Generalized stochastic Frank-Wolfe algorithm with stochastic substitute gradient for structured convex optimization

成果类型:
Article
署名作者:
Lu, Haihao; Freund, Robert M.
署名单位:
University of Chicago; Massachusetts Institute of Technology (MIT)
刊物名称:
MATHEMATICAL PROGRAMMING
ISSN/ISSBN:
0025-5610
DOI:
10.1007/s10107-020-01480-7
发表日期:
2021
页码:
317-349
关键词:
subgradient methods 1st-order methods descent regression selection
摘要:
The stochastic Frank-Wolfe method has recently attracted much general interest in the context of optimization for statistical and machine learning due to its ability to work with a more general feasible region. However, there has been a complexity gap in the dependence on the optimality tolerance epsilon in the guaranteed convergence rate for stochastic Frank-Wolfe compared to its deterministic counterpart.
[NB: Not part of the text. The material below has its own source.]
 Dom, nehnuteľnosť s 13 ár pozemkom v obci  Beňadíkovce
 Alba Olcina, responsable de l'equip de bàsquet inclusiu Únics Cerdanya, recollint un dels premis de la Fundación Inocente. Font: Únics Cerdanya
In this work, we present a new generalized stochastic Frank-Wolfe method which closes this gap for the class of structured optimization problems encountered in statistical and machine learning characterized by empirical loss minimization with a certain type of linear prediction property (formally defined in the paper), which is typically present in loss minimization problems in practice. Our method also introduces the notion of a substitute gradient that is a not-necessarily-unbiased estimate of the gradient. We show that our new method is equivalent to a particular randomized coordinate mirror descent algorithm applied to the dual problem, which in turn provides a new interpretation of randomized dual coordinate descent in the primal space. Also, in the special case of a strongly convex regularizer our generalized stochastic Frank-Wolfe method (as well as the randomized dual coordinate descent method) exhibits linear convergence. Furthermore, we present computational experiments that indicate that our method outperforms other stochastic Frank-Wolfe methods for a sufficiently small optimality tolerance, consistent with the theory developed herein.